Toh tujuan saya bukan soal akurasi kisahnya, tapi lebih kepada berbagi pengalaman serta menemukan hikmah yang barangkali dapat dipetik oleh para pembaca Kompasiana, karena yang namanya bencana dapat menimpa siapa saja dan kapan saja.
Sabtu siang 22 Desember 2018, Tini dan rombongannya yang terdiri dari suami, 3 orang anak (1 diantaranya masih berusia 5 tahun), 2 orang keponakan, dan juga ibu kandung Tini yang sudah berumur 71 tahun, lagi bergembira. Mereka sedang dalam perjalanan untuk menuju sebuah vila yang terbilang megah di Anyer. Di vila tersebutlah mereka akan bermain dan menginap.

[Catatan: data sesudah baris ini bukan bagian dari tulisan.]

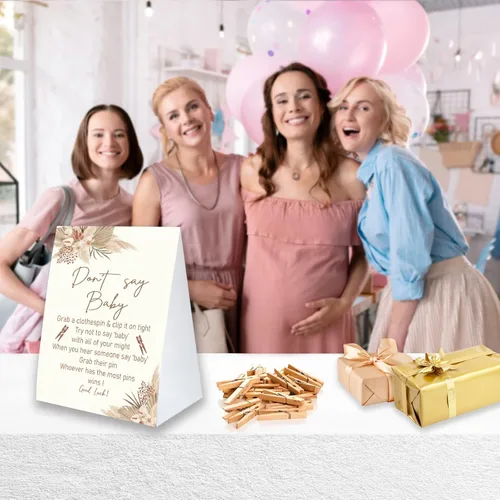 Vista 3 de Juego de pinzas para la ropa de baby shower, un cartel de papel recubierto de 5 x 7 pulgadas y 50 pinzas naturales para la ropa, baby shower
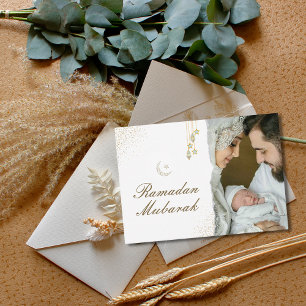 Moderne minimale Islamitische Ramadan Mubarak Foto Notitiekaartje
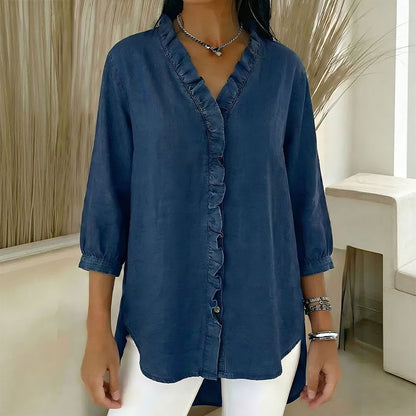🔥 Pago contra reembolso ✅️【40-100kg】Camisa vaquera informal para mujer con cuello en V y volantes-4286615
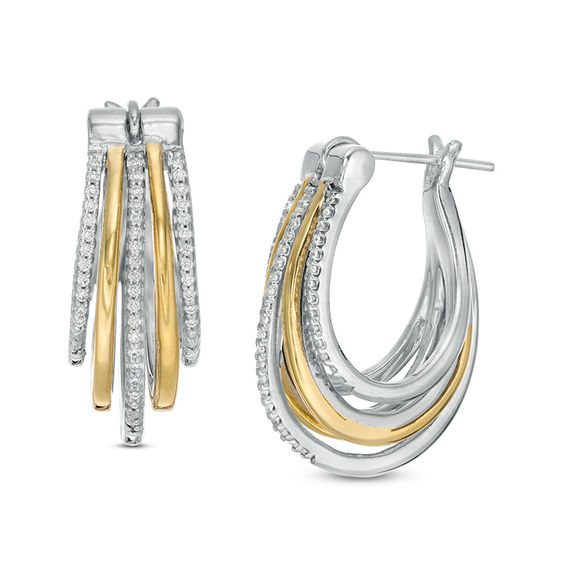 1/4 CT. T.w. Diamond Layered Hoop Earrings in Sterling Silver and 10K Gold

Tini merasa beruntung dibolehkan pemilik vila, yang masih anggota keluarga dari seorang public figure karena wajahnya sering nongol di tivi, untuk memakai vilanya. Kebetulan Tini kenal baik dengan sang pemilik.
Rombongan Tini berangkat ke Anyer menggunakan mobil rental dari perusahaan yang sudah punya nama baik karena juga punya armada taksi yang paling terkenal di Jakarta.
Ada diskusi panjang di intra keluarga Tini, sebelum sepakat menyewa, bukan membawa mobil sendiri. Mobil sewaan pun juga dengan perjanjian mengantar ke lokasi, lalu menjemput lagi rencananya hari Senin siang, setelah 2 malam di Anyer. Padahal juga ada pilihan lain, yakni mobil sewaan tersebut ikut stand by selama di vila.
Ringkas cerita, perjalanan mereka terbilang lancar, hanya butuh sekitar 3 jam dari rumah Tini di Jakarta Selatan, mereka pun sampai di tujuan. Ada yang mengusik pikiran Tini, saat pemilihan kamar, ibunya bersikukuh ingin di kamar lantai atas, padahal kan capek naik tangga bagi orang lansia.